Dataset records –
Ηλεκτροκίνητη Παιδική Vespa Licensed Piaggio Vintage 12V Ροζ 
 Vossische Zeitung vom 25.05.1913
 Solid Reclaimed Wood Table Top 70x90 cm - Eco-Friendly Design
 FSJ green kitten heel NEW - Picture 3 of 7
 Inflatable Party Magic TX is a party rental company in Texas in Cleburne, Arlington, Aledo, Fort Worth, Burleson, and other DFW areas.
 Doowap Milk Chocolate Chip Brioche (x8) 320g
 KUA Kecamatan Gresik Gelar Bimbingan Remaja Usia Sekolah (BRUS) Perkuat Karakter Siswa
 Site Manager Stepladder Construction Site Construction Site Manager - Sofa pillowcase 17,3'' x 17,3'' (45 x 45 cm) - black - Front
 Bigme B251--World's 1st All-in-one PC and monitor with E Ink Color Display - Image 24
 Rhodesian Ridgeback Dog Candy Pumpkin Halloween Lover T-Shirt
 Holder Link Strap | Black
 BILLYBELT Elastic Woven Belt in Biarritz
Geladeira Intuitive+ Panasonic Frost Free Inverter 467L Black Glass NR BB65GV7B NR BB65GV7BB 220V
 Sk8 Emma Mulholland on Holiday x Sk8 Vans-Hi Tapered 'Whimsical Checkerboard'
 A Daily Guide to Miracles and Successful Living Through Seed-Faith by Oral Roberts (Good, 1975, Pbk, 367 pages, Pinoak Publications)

EXERCISE GOAL –
Every line from the one containing "Rhodesian Ridgeback Dog" through the last line of the entries should be output exactly; nothing else belongs in the reply.

FINAL ANSWER –
 Rhodesian Ridgeback Dog Candy Pumpkin Halloween Lover T-Shirt
 Holder Link Strap | Black
 BILLYBELT Elastic Woven Belt in Biarritz
Geladeira Intuitive+ Panasonic Frost Free Inverter 467L Black Glass NR BB65GV7B NR BB65GV7BB 220V
 Sk8 Emma Mulholland on Holiday x Sk8 Vans-Hi Tapered 'Whimsical Checkerboard'
 A Daily Guide to Miracles and Successful Living Through Seed-Faith by Oral Roberts (Good, 1975, Pbk, 367 pages, Pinoak Publications)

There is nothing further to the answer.